For those who are wondering what SSN is, that is where I spent 4 wonderful years of my life. One that would never come back and the one that everyone calls it, the honeymoon period of one's life. Yes you guessed it right.
SSN - A journey that cannot be quite summarized in a paragraph or two, but as I sit down to write, so many memories flashes in my mind. Can’t help but take a quick walk down the memory lane that changed me in ways I never thought was quite possible.
Change! Now who would embrace change? The fear of not knowing what to anticipate doesn't sound very pleasant to many of us. Although the change terrified me, going to college was something I looked forward to. For some reason, breaking out of my cocoon sounded fascinating and challenging. The fear of an unknown future was over powered by the nerve to face the challenges with gusto.
The best thing about college was that, it was not just about academics. Learning doesn't end there. I learnt the hard way that not everyone is alike and it took a lot of me patience to get in terms with that. On the plus side, I realized that this has strengthened my fortitude. Being an adult brings its own baggage. You ask for it or not, responsibilities will be thrust upon us. Call it a woe of being an adult or whatever, but the grass is always greener on the other side isn't it? The self-confidence and the courage to face the world that this instigates is something that I will treasure for the rest of my life. Had I been anywhere else other than SSN, I wonder if I would have been the way I am now. SSN is the place where I was given the freedom to make my own decisions. “Fail until you succeed.. Explore as much as you can.. Now is always the right time.” Is something that dawned upon me.
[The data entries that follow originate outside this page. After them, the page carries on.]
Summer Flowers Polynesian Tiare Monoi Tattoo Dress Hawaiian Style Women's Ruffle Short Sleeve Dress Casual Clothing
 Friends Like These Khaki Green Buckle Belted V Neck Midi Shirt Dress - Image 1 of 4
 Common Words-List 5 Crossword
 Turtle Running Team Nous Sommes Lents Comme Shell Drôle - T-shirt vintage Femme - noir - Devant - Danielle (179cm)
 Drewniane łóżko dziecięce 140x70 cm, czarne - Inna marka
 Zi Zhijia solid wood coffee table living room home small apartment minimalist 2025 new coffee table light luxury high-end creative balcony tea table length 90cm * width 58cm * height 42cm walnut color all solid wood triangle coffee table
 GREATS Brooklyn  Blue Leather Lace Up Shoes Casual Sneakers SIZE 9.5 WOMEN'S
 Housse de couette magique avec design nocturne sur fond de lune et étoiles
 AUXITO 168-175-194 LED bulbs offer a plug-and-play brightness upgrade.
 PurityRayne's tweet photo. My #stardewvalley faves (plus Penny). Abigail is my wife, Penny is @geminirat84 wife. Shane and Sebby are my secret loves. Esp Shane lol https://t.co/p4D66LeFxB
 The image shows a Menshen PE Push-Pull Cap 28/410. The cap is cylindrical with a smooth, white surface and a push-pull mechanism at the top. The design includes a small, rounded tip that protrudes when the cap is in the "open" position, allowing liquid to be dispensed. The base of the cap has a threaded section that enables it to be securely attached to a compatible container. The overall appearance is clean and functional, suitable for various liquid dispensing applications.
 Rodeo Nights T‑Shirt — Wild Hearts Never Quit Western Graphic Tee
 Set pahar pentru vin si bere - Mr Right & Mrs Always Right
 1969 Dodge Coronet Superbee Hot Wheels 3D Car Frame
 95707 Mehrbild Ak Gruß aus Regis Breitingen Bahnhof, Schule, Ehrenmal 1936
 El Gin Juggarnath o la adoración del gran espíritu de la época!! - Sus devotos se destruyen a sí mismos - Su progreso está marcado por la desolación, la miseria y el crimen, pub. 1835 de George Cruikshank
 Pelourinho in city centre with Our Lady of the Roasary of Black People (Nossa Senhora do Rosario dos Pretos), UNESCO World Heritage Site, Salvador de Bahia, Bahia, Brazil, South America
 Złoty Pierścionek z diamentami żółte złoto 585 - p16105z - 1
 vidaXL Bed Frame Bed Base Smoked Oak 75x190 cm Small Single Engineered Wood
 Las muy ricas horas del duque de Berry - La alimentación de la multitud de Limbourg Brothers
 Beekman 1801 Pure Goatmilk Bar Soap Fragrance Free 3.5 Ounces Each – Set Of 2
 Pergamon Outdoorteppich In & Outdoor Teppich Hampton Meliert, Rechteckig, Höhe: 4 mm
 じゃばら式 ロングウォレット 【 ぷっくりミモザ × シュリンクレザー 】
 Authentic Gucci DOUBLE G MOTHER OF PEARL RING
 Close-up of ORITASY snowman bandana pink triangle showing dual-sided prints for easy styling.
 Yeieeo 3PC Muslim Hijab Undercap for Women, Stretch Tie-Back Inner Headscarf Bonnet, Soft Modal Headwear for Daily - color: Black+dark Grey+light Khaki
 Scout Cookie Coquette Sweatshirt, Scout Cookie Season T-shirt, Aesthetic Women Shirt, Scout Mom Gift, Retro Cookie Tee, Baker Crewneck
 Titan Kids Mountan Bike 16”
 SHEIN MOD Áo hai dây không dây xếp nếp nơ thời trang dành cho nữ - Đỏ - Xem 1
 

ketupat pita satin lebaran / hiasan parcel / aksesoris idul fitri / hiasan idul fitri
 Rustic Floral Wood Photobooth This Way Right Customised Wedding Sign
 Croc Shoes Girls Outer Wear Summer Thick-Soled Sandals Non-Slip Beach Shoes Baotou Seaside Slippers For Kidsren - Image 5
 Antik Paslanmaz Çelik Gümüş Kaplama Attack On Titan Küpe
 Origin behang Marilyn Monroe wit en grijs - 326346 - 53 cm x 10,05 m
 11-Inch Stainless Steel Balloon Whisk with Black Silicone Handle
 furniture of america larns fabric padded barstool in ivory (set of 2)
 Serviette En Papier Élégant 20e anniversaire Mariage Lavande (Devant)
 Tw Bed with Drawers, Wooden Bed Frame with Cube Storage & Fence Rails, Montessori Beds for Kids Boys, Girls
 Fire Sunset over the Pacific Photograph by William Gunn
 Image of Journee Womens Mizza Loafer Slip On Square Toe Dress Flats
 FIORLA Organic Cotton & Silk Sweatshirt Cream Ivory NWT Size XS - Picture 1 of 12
Nostalgia strikes. What is learning without fun? My inhibition went off instantly when my seniors made me feel at home. No I don’t quite term it as ragging. Someone needs to break the ice after all. Those endless bus journeys. Now let me tell you something. It will take about an hour for me to reach college. So that had been my time to write observations (God, that term sounds so alien to me right now ) ,study for the unit tests(now don't laugh ok? Those were taken into serious consideration. That fetches us our internal marks),talk ,talk and talk and when its finally time to get down, finish with an "I will continue that story tomorrow :D " The last minute preps for the semester exams! This list is just never ending.. Those were indeed the moments that will be etched in my memories forever.! Just when I felt exhausted and needed to break free from the monotony, Instincts was round the corner. (Instincts is my college cultural fest) Racked my brain for the department symposium. Not to mention the ODs that will be provided for all this. Sneaked in and sneaked out as and when I felt like (:P).
No one is gonna make you do things forcibly. You are what you want to be. That is how great the culture at SSN is!
If at all I could go back, I would be so glad to. But life doesn't provide us with a rewind button. Those four years goes by in the blink of an eye. All that I have now is the memories that I will cherish for the rest of my life.